La historia va más allá cuando se examinan los apellidos. Liceth Ortiz es hermana del concejal Víctor Alfonso Ortiz Cepeda, ficha política del barretismo, el grupo encabezado por el exgobernador y actual senador Óscar Barreto Quiroga, quien ha tejido una red de lealtades que va de la Gobernación a las entidades descentralizadas, pasando por alcaldías, institutos y hospitales que domina. En ese mecanismo, las contrataciones siguen una lógica simple: premiar a los leales y proteger a los cercanos.
En los contratos suscritos con la Gobernación, la encargada de revisar los procesos fue Paola del Rocío Arbeláez Arenas, entonces directora de Contratación y hoy directora jurídica de la Gobernación.
Arbeláez no es una funcionaria cualquiera: está casada con Nicolás Barreto Triana, sobrino del exgobernador Óscar Barreto. Su nombre circula en los círculos del poder, ligado a cargos estratégicos dentro de la administración. Pero la cadena de favores no termina ahí. En el contrato de 2020 con la EDAT, la revisión fue realizada por Andrea Carolina Cajiao Delgado, secretaria general y jurídica de la entidad.
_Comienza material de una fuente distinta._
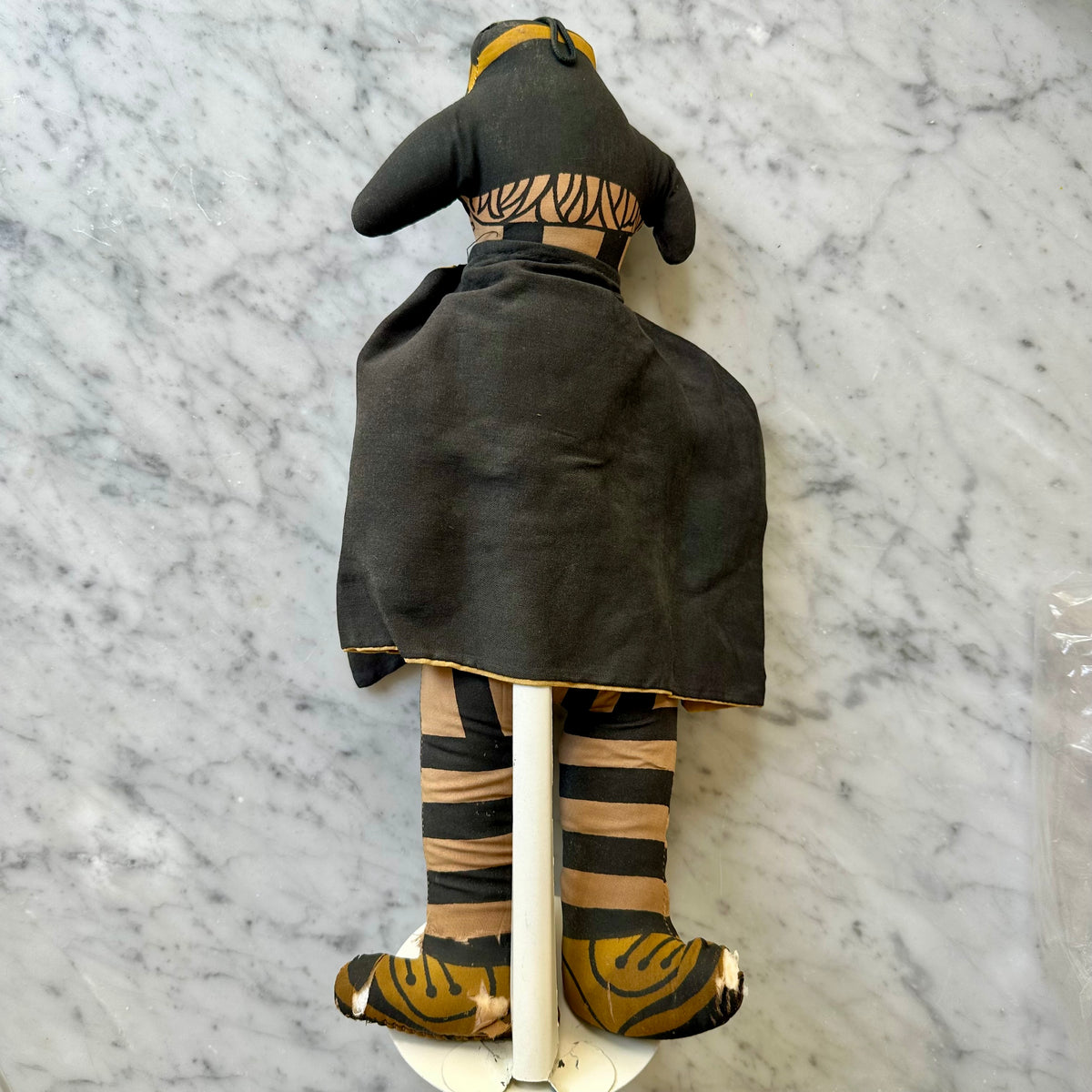 1970’s Hamburglar Plush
Otro eslabón dentro del entramado institucional del barretismo.
El caso de Liceth Ortiz, muestra cómo la política habitual colonizo la administración pública, creando un método donde la fidelidad política pesa más que la idoneidad. En ese contexto, los procesos de selección se vuelven una formalidad, los filtros de control disminuyen y los contratos se transforman en instrumentos de pago político. Óscar Barreto, ha construido una maquinaria que se mantiene intacta. Sus aliados gobiernan, sus familiares ocupan cargos claves, y los contratistas orbitan alrededor de ese núcleo de poder que domina al Tolima desde hace más de una década.
El expediente Liceth Ortiz es, entonces, una pequeña ventana a un sistema: el de los favores ilegales y el clientelismo institucionalizado, lo que permite que alguien sin tarjeta profesional firme como contadora pública, mientras los funcionarios que deberían controlar miran para otro lado, pertenecen a la misma estructura que se beneficia del silencio.
Hoy, la tarjeta profesional de Liceth Ortiz está activa. Llega con casi diez años de retraso, justo cuando las denuncias comienzan a salir a la luz. Y la pregunta es: ¿cuántos contratos más se han firmado con documentos falsos bajo la protección del poder político?
El barretismo, más que una corriente ideológica, es un sistema de lealtades que se paga con contratos y se protege con cargos. Un poder que no solo domina la política, también las rendijas del Estado donde deberían habitar la legalidad y la transparencia. La contratista, a través de un tercero, aseguró que este tema había sido archivado por la Fiscalía General de la Nación.